Give back the full listing, character for character, with no pictures.

### Dataset excerpt
##########

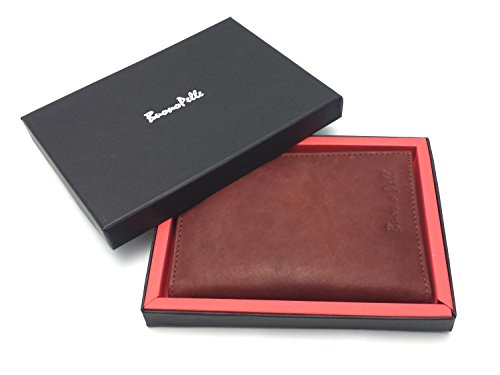 Buono Pelle New RFID Blocking 100% Real Leather Passport Travel Wallet Cover Holder Organiser Gift Boxed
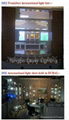 IP44 Stainless steel and aluminum CE FCC ROHS solar led wall lamp 4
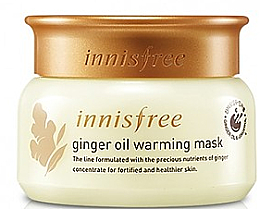 Парфумерія, косметика Розігрівальна імбирна маска - Innisfree Ginger Oil Warming Mask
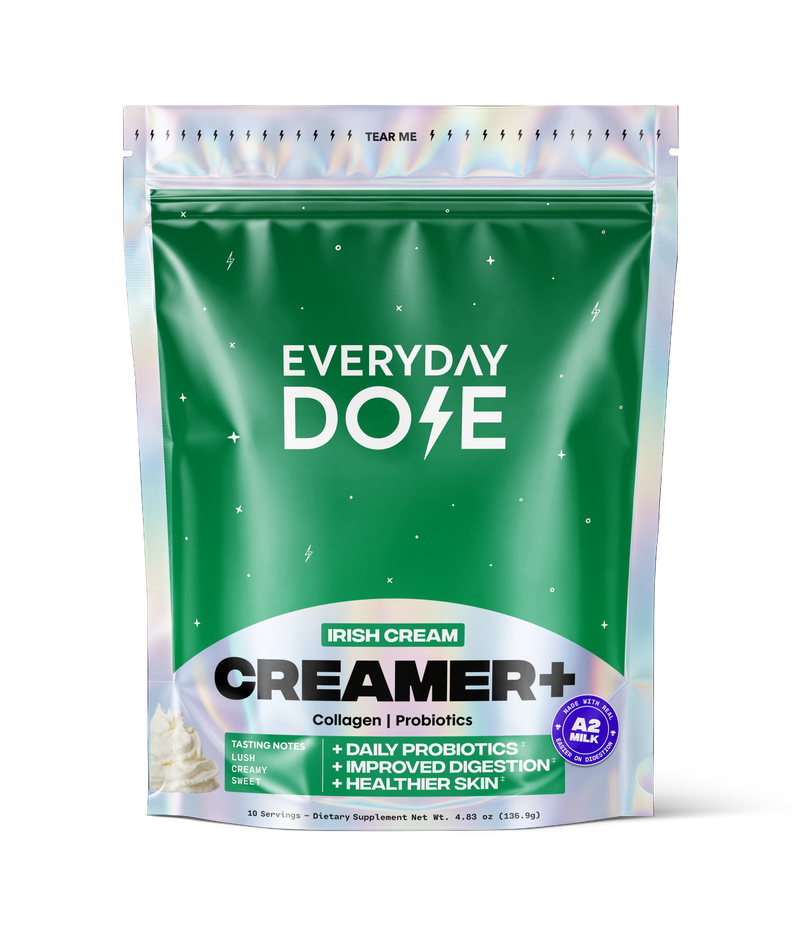 Irish Cream Creamer+ (10 Servings) - Lite Moisture Care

##########

### Response to this task
 Buono Pelle New RFID Blocking 100% Real Leather Passport Travel Wallet Cover Holder Organiser Gift Boxed
 IP44 Stainless steel and aluminum CE FCC ROHS solar led wall lamp 4
 Парфумерія, косметика Розігрівальна імбирна маска - Innisfree Ginger Oil Warming Mask
 Irish Cream Creamer+ (10 Servings) - Lite Moisture Care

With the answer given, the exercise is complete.